What needs to be done
Skipping all pictures, print exactly the lines below from the one with "s Cute Baby" through the final line.

Supplied material
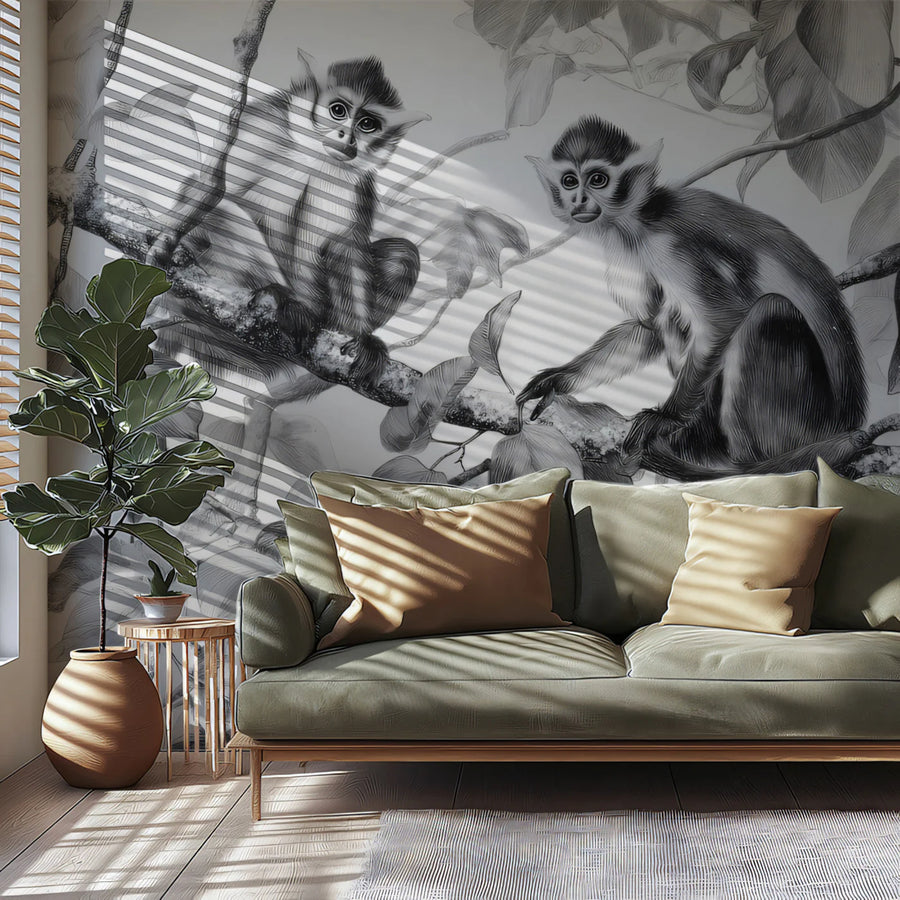 Nature Wallpaper Mural – Natural Wall Mural – Vintage Botanical Monkey —Academic Illustration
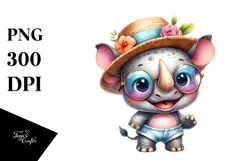 s Cute Baby Rhino with Hat, PNG Product Image 1
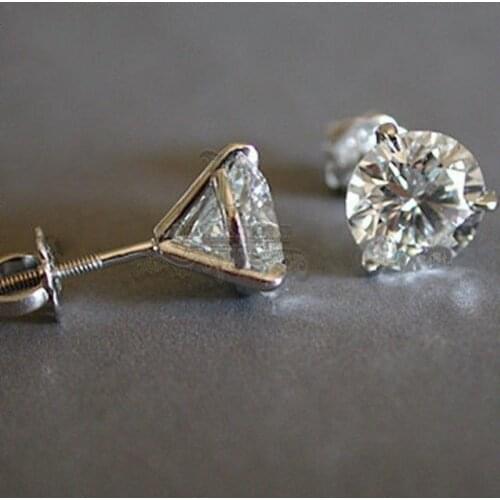 Solitaire Stud earring AAAAA Cz stone Real 925 Sterling silver Birthstone Party wedding Stud Earrings for women Bridal Jewelry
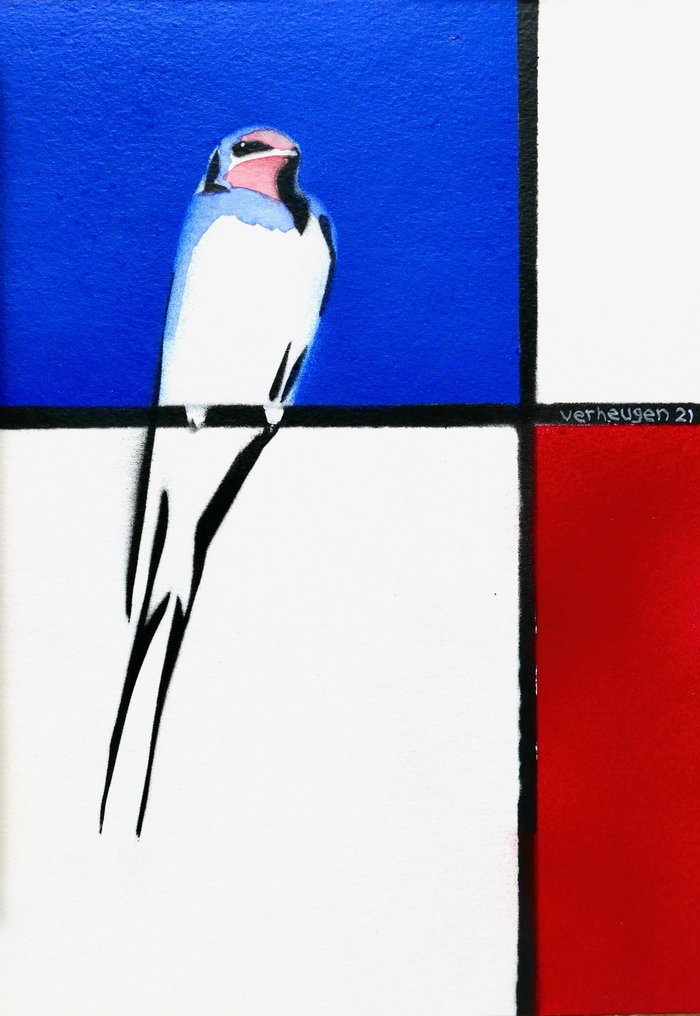 Jos Verheugen - Free after Mondrian, with Swallow (A187, mixed techniques on paper under glass) #1.0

Solution for this problem
 s Cute Baby Rhino with Hat, PNG Product Image 1
 Solitaire Stud earring AAAAA Cz stone Real 925 Sterling silver Birthstone Party wedding Stud Earrings for women Bridal Jewelry
 Jos Verheugen - Free after Mondrian, with Swallow (A187, mixed techniques on paper under glass) #1.0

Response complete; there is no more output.